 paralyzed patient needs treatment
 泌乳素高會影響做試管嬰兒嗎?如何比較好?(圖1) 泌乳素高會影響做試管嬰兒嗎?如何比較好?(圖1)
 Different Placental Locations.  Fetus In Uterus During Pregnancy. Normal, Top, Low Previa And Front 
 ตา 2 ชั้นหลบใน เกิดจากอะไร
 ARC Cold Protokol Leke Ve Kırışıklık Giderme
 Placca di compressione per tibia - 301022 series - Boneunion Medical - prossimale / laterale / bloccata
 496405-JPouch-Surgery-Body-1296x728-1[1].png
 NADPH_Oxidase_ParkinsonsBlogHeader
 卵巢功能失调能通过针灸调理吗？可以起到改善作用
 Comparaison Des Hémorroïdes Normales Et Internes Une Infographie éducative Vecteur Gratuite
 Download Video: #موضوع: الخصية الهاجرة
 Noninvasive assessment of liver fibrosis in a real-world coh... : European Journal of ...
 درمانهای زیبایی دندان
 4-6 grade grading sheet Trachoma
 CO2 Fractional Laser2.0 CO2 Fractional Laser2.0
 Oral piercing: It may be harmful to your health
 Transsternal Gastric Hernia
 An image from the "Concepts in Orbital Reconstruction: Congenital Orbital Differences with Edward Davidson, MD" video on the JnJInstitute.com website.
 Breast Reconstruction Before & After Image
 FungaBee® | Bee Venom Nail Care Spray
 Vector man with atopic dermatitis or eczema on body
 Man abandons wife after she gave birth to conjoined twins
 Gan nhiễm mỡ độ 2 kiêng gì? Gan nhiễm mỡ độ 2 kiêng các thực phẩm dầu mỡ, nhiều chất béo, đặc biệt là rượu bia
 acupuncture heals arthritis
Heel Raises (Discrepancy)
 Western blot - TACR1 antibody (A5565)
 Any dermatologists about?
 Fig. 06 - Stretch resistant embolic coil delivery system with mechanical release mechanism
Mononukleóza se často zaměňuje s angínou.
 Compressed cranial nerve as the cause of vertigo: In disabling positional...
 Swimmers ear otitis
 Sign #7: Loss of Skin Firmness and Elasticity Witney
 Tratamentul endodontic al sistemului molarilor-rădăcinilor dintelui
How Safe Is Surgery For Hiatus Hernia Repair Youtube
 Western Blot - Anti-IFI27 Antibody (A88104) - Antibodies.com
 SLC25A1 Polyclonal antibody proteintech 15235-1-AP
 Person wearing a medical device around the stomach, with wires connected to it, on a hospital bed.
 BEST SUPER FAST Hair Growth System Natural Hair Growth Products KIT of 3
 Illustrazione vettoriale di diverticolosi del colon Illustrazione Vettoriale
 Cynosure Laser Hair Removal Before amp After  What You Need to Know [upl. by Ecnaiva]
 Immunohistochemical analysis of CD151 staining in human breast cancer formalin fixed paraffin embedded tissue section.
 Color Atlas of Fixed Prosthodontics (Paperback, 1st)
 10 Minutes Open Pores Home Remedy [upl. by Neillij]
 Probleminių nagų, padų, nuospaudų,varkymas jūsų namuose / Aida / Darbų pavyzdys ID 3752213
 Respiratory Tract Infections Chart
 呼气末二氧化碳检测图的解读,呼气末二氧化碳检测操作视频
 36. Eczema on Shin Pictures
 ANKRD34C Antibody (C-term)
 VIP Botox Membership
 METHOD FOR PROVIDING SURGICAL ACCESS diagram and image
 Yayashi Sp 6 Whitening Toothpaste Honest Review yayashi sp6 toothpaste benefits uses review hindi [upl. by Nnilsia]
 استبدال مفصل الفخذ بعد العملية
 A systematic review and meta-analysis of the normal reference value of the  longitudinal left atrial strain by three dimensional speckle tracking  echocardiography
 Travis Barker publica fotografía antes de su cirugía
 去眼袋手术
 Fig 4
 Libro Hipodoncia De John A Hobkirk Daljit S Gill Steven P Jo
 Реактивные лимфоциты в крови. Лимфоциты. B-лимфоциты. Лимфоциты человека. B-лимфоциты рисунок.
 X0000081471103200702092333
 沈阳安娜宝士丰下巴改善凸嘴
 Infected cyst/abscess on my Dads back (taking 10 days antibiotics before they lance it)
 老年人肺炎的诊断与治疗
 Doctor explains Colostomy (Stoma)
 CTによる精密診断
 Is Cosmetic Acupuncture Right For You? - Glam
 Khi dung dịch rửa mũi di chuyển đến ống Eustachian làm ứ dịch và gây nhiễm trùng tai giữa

++++++

* [Exercise description]: Search the listing above for "nhiễm" and copy every line that holds it.

* [Exercise solution]:
 Gan nhiễm mỡ độ 2 kiêng gì? Gan nhiễm mỡ độ 2 kiêng các thực phẩm dầu mỡ, nhiều chất béo, đặc biệt là rượu bia
 Khi dung dịch rửa mũi di chuyển đến ống Eustachian làm ứ dịch và gây nhiễm trùng tai giữa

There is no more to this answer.